■ Directions
Exactly as they appear below, repeat the lines from the one with "The Surf is" through the one with "Envision your life". Drop every picture.

■ Dataset records

------

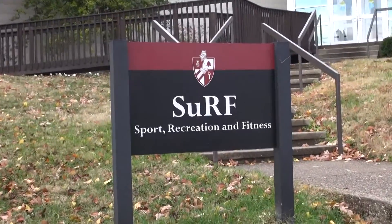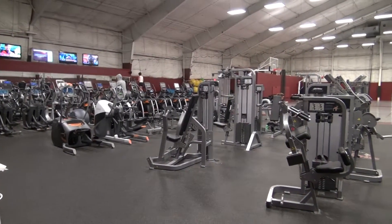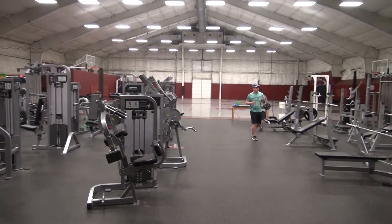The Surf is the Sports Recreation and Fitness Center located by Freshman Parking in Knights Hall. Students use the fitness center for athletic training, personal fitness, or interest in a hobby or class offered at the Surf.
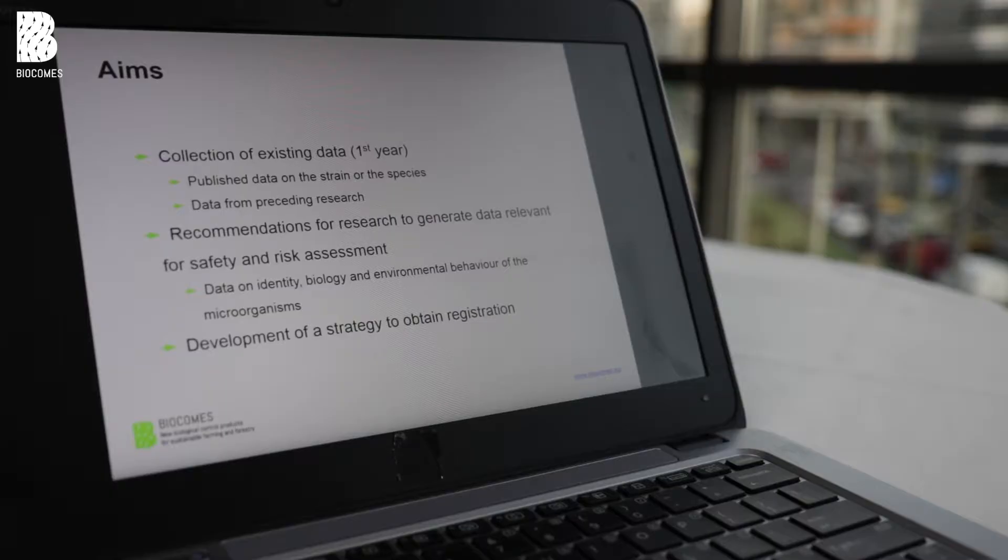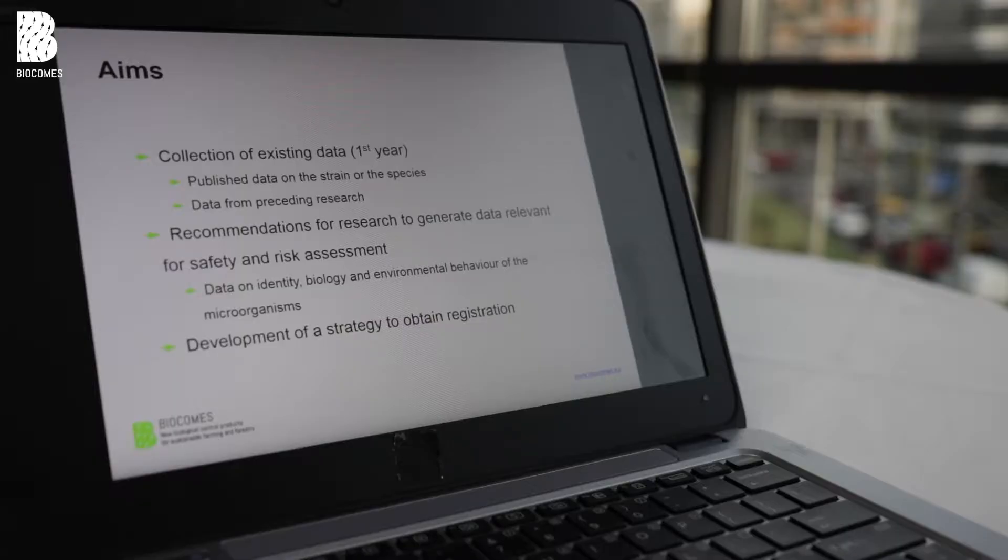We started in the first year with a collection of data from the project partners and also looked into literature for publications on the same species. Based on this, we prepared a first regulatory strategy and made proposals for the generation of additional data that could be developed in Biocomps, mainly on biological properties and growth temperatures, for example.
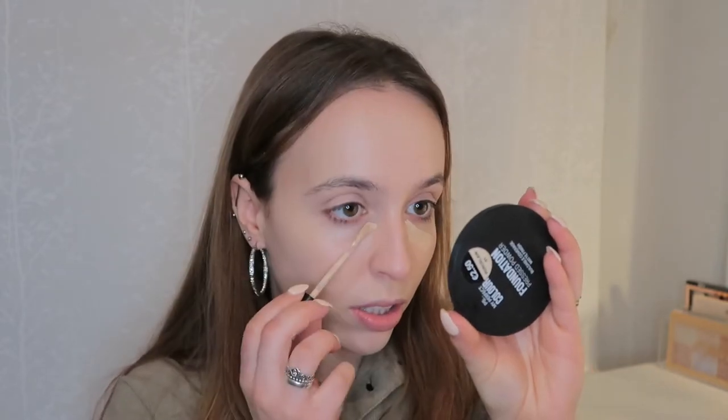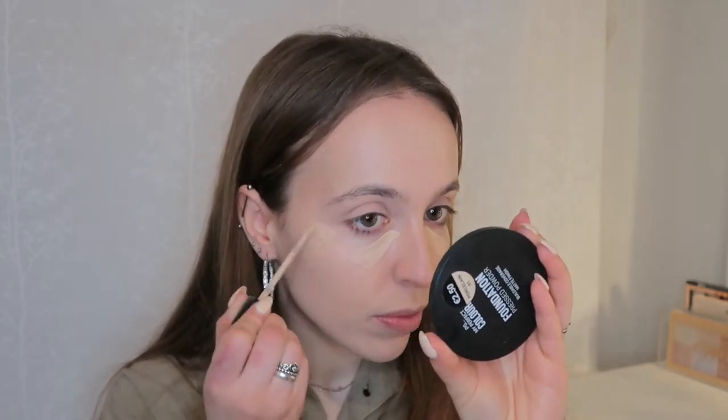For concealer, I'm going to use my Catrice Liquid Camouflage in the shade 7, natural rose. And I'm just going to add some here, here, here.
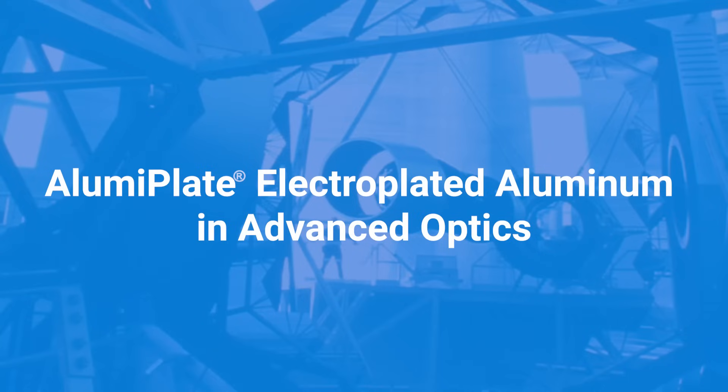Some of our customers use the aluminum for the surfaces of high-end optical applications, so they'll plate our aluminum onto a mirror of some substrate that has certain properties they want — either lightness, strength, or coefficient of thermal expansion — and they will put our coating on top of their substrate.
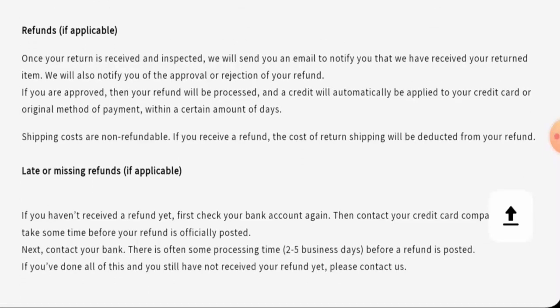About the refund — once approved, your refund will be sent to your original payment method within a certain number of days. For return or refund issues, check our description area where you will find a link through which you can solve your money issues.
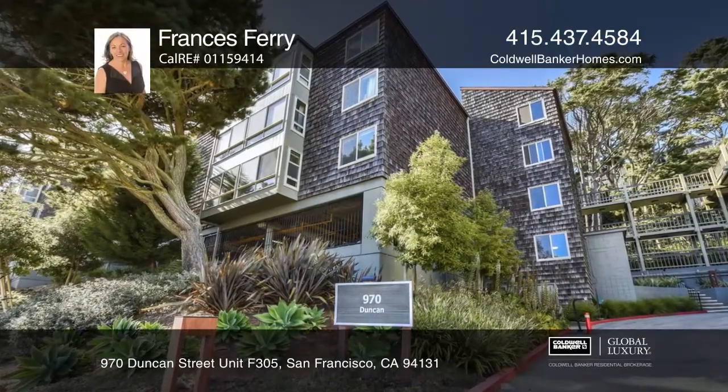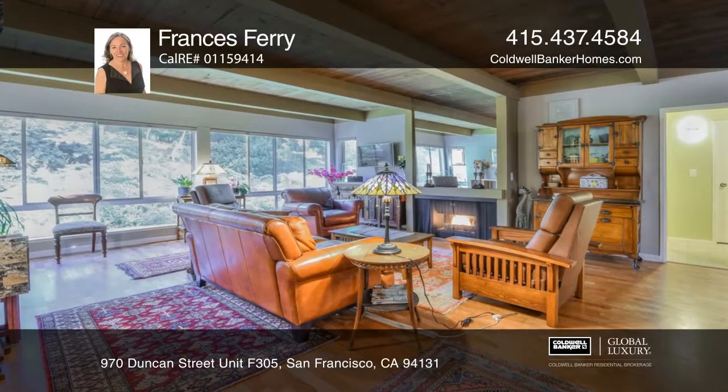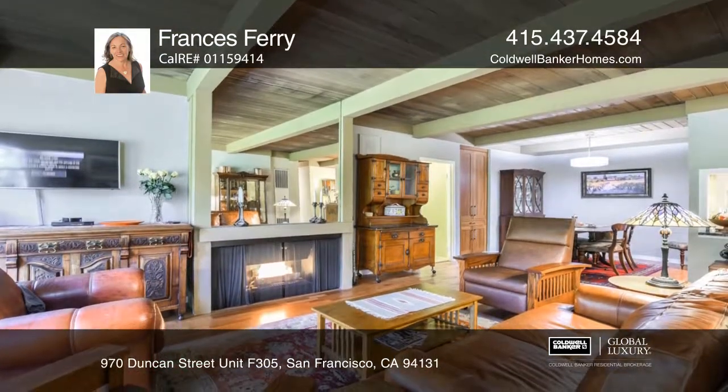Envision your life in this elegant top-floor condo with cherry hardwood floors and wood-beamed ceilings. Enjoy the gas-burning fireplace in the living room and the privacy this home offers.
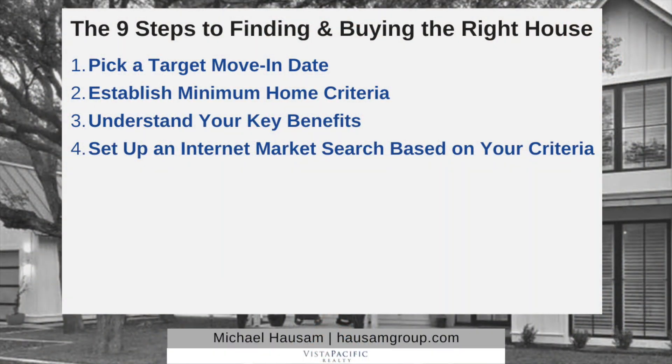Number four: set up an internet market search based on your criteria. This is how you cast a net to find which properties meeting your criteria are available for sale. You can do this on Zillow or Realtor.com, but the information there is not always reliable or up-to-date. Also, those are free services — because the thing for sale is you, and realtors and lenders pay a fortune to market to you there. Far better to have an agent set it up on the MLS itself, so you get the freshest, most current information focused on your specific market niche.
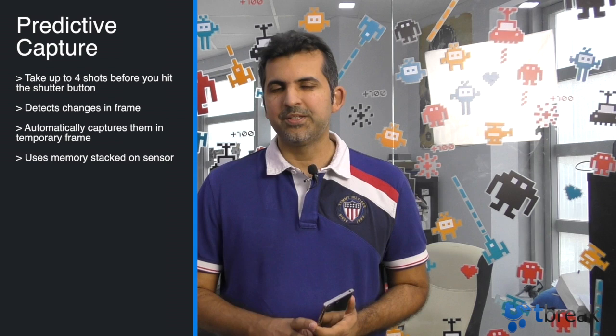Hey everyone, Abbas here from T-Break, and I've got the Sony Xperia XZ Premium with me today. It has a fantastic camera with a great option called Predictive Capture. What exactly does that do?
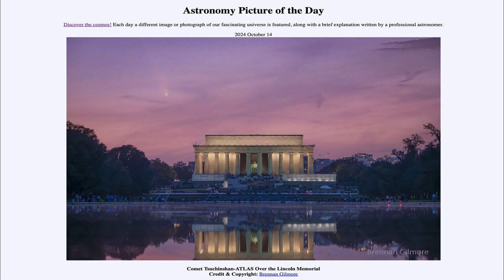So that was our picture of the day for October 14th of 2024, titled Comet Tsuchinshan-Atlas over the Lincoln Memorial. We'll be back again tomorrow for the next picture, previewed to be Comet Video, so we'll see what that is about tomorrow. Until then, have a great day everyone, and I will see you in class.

------

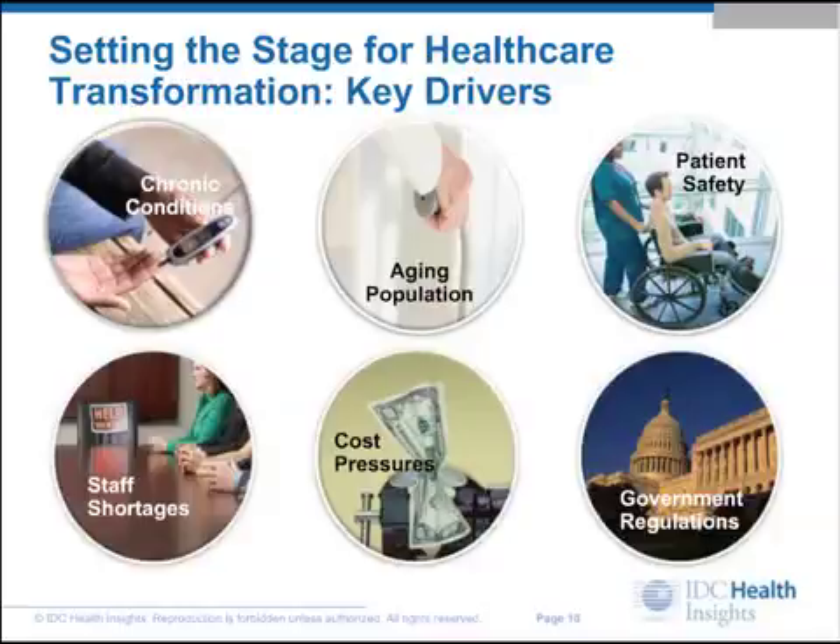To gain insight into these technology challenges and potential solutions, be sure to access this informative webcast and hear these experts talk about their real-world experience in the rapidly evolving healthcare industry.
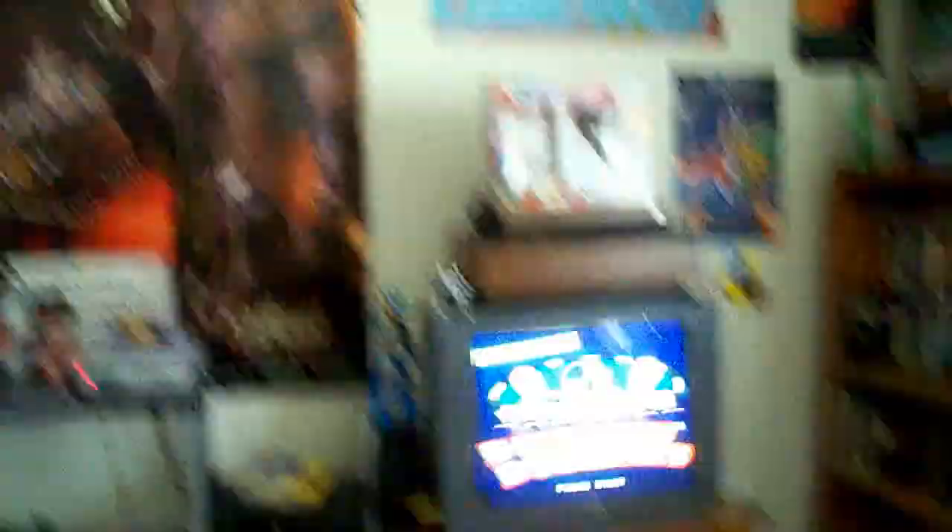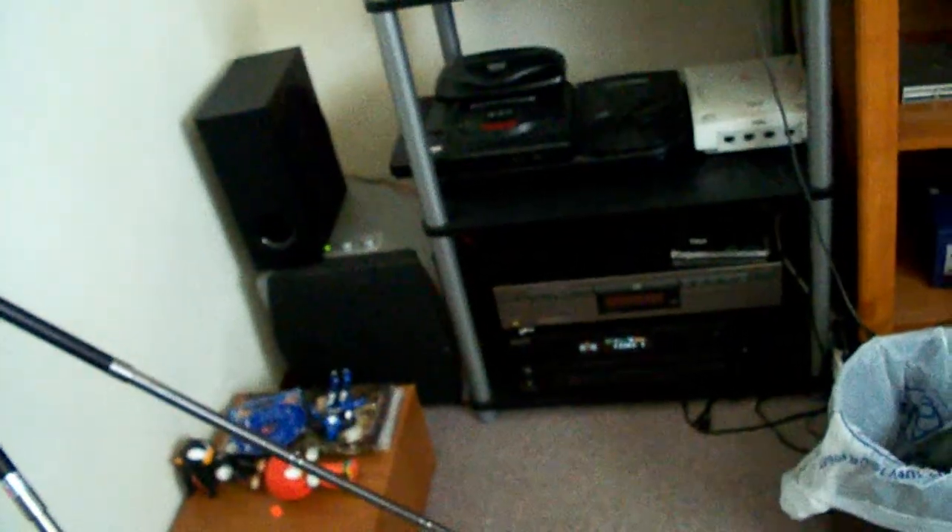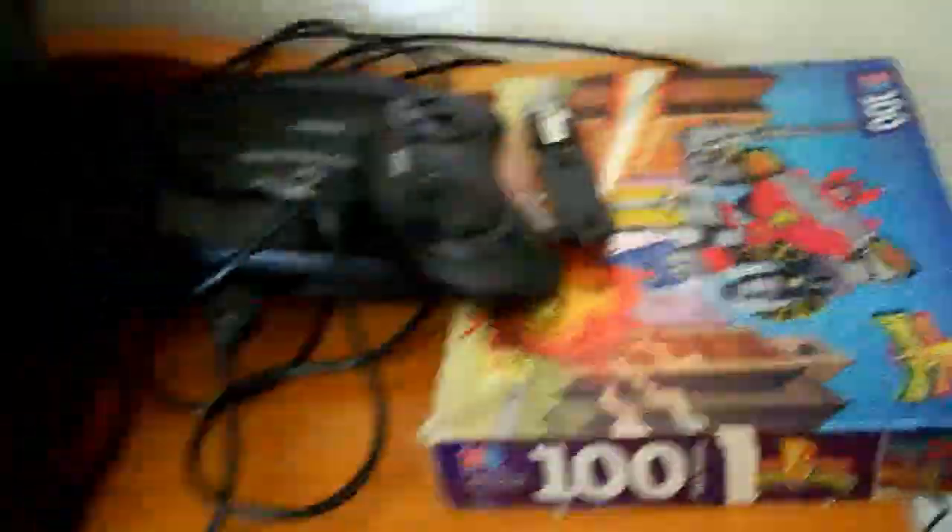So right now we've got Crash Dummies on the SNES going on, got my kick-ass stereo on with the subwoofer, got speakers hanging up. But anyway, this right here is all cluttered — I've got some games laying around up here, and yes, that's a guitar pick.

------

■ Worked solution
The Surf is the Sports Recreation and Fitness Center located by Freshman Parking in Knights Hall. Students use the fitness center for athletic training, personal fitness, or interest in a hobby or class offered at the Surf.
We started in the first year with a collection of data from the project partners and also looked into literature for publications on the same species. Based on this, we prepared a first regulatory strategy and made proposals for the generation of additional data that could be developed in Biocomps, mainly on biological properties and growth temperatures, for example.
For concealer, I'm going to use my Catrice Liquid Camouflage in the shade 7, natural rose. And I'm just going to add some here, here, here.
Some of our customers use the aluminum for the surfaces of high-end optical applications, so they'll plate our aluminum onto a mirror of some substrate that has certain properties they want — either lightness, strength, or coefficient of thermal expansion — and they will put our coating on top of their substrate.
About the refund — once approved, your refund will be sent to your original payment method within a certain number of days. For return or refund issues, check our description area where you will find a link through which you can solve your money issues.
Envision your life in this elegant top-floor condo with cherry hardwood floors and wood-beamed ceilings. Enjoy the gas-burning fireplace in the living room and the privacy this home offers.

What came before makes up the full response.